Democrats condemn Roberts’ refusal to testify over US supreme court ethics row

John Roberts
John Roberts ‘respectfully declined’ invitation and attached a supreme court statement of ethics to the letter. Photograph: Jacquelyn Martin/AP

Democrats and progressives reacted angrily after John Roberts, the chief justice of the supreme court, declined an invitation to testify before the Senate judiciary committee about corruption allegations against members of his court.

Richard Blumenthal, a Connecticut senator, said: “The marble pillars of the supreme court and platitudes about its independence no longer provide refuge. He must face the nation.”

Sheldon Whitehouse, from Rhode Island, said: “The gaping hole in today’s response from Roberts … is that it overlooks the complete failure of process regarding ethics questions involving the justices. When there’s no ref, there’s no rule.”
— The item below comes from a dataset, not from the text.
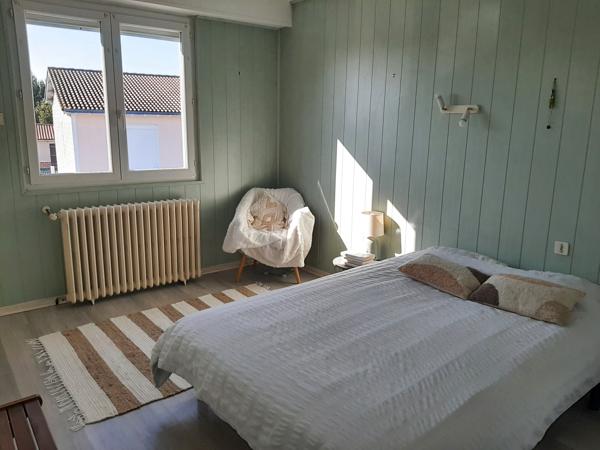 Maison
                                                                                                                                                                                                                                                                                                                        7 pièce(s)                                                                                                                                                                                                          5 chambre(s)                                                                                                                                                                                                          135  m²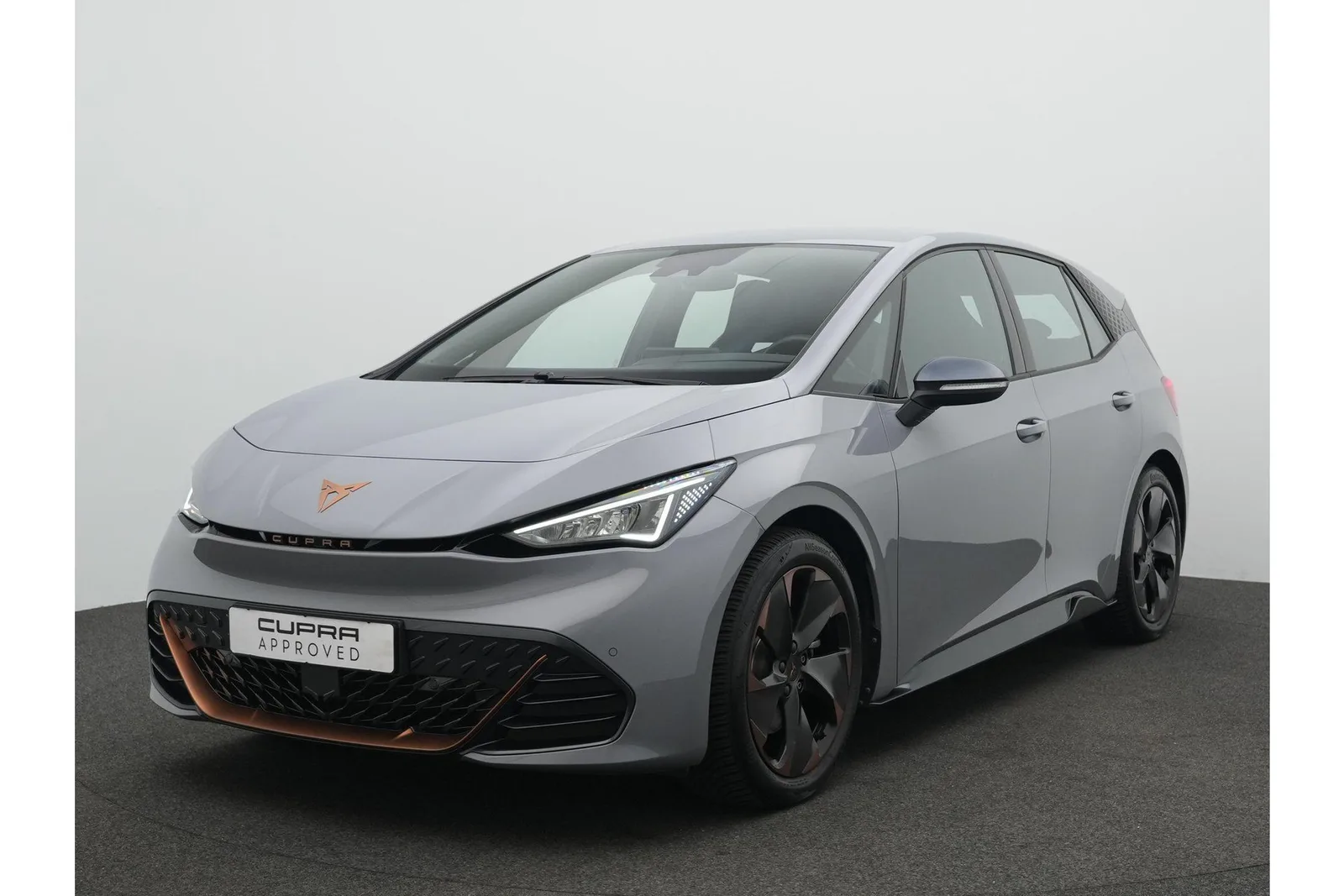 CUPRA Born (2024) — foto 1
Typically, voices outside the Senate were less restrained.

Jay Willis, an attorney and writer for Balls and Strikes, a progressive website covering courts and the law, wrote: “Holy shit this John Roberts letter sucks. ‘Sorry can’t testify, judicial independence, enclosed is a copy of our fake ethics rules, have a nice day’???
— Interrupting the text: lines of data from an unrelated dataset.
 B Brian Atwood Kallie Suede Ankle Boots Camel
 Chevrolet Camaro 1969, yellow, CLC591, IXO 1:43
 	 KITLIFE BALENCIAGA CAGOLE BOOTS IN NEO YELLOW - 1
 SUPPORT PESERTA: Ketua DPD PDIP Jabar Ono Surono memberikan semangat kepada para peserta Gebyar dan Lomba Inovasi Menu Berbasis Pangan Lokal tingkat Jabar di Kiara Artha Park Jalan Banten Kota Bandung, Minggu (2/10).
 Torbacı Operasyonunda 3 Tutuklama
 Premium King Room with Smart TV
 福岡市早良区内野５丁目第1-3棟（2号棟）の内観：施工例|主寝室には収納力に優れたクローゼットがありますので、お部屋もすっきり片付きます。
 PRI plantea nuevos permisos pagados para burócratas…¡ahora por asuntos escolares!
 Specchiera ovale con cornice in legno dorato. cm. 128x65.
“Subpoena his ass posthaste.”

Roberts answered an invitation sent by Dick Durbin of Illinois, the Senate judiciary chair, after ProPublica reported the close friendship between Clarence Thomas, the senior conservative on the court, and the Republican mega-donor Harlan Crow.

Thomas received but largely did not declare extensive gifts including luxury travel and resort stays. Crow also purchased a property in which Thomas’s mother lives, and donated money to groups connected to Ginni Thomas, the justice’s activist wife.

Thomas and Crow denied wrongdoing.

On Tuesday, Politico reported that another conservative, Neil Gorsuch, made as much as $500,000 from a property sale shortly after joining the court but did not disclose that the buyer was chief executive of a law firm with business before the court.

Gorsuch did not comment. The executive, Brian Duffy, denied wrongdoing.

In a letter to Durbin on Tuesday evening, Roberts “respectfully declined” the Democrat’s invitation to testify on 2 May, citing concerns regarding the separation of powers and attaching “a statement of ethics and principles and practices to which all current members of the supreme court subscribe”.

Durbin said: “I am surprised that the chief justice’s recounting of existing legal standards of ethics suggests current law is adequate and ignores the obvious.”

Supreme court justices are subject to federal ethics rules but essentially govern themselves.

Referring to Thomas, Durbin added: “The actions of one justice, including trips on yachts and private jets, were not reported to the public. That same justice failed to disclose the sale of properties he partly owned to a party with interests before the supreme court.”

Durbin cannot currently subpoena Roberts, to force testimony, because to do so would require a majority on the judiciary committee. Democrats control the panel but one of their number, 89-year-old Dianne Feinstein of California, has long been absent through ill health. Republicans have blocked a temporary replacement.

Democrats including the New York progressive Alexandria Ocasio-Cortez have called for Thomas to be impeached and removed – a hugely unlikely outcome. Republicans control the House, where impeachment would start, and are opposed to action against the court.

Nonetheless, public trust in the court has reached all-time lows.

Roberts presides over a panel dominated 6-3 by conservatives after three confirmations under the presidency of Donald Trump and which has passed down major rulings including removing the right to abortion and loosening state gun laws.

On Tuesday another Democratic senator, Chris Murphy of Connecticut, said: “The supreme court’s decision to bury its head in the sand in the face of this deluge of conflict of interest revelations is horrible for the court’s legitimacy.”